ROME — Le pape Léon XIV s’est rendu jeudi à Castel Gandolfo, l’ancienne résidence d’été des papes située au sud de Rome, alimentant les spéculations sur son éventuelle réutilisation de ce domaine historique comme lieu de villégiature ou sa volonté de suivre l’exemple de son prédécesseur, le pape François, en en faisant un musée et un centre écologique.
La visite du pontife s’inscrivait dans le cadre d’un projet éducatif sur la durabilité baptisé « Borgo Laudato Si », directement inspiré de l’encyclique environnementale « Laudato Si » publiée par François en 2015. Installé dans les jardins de la propriété, surplombant le lac d’Albano, ce centre est devenu un lieu d’apprentissage autour de l’écologie intégrale.
Construite en 1624 par le pape Urbain VIII, la résidence de Castel Gandolfo s’est agrandie au fil des siècles pour atteindre une superficie de 55 hectares, soit plus que celle de l’État de la Cité du Vatican. Longtemps utilisée comme refuge contre la chaleur estivale romaine, elle a accueilli régulièrement les souverains pontifes jusqu’à Benoît XVI, qui y termina solennellement son pontificat le 28 février 2013.

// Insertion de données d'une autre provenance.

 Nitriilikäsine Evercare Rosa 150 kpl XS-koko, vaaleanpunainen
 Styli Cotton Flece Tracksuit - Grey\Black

Le pape François, quant à lui, n’y a jamais séjourné, préférant rester à Rome, fidèle à son style de vie simple et sédentaire. Dès 2014, il avait décidé d’ouvrir les jardins de Castel Gandolfo au public, puis de transformer une partie du palais en musée, une initiative pensée pour soutenir l’économie locale affectée par l’absence des traditionnelles prières dominicales estivales des papes.
Léon XIV, ancien missionnaire ayant exercé en grande partie au Pérou, n’a pas encore précisé s’il résidera à plein temps au Vatican ni s’il fera usage de cette résidence d’été. Sa visite pourrait marquer un simple soutien au projet écologique lancé par son prédécesseur ou le prélude à une réappropriation de ce lieu chargé d’histoire.
Le projet Borgo Laudato Si, ouvert au public, a pris en charge les activités agricoles du domaine, comprenant notamment 20 hectares de terres cultivées, des serres et des bâtiments de service. La ferme, qui alimente le Vatican en produits laitiers et légumes frais, vise à mettre en place une économie circulaire conforme à l’appel de François à une meilleure protection de la création divine.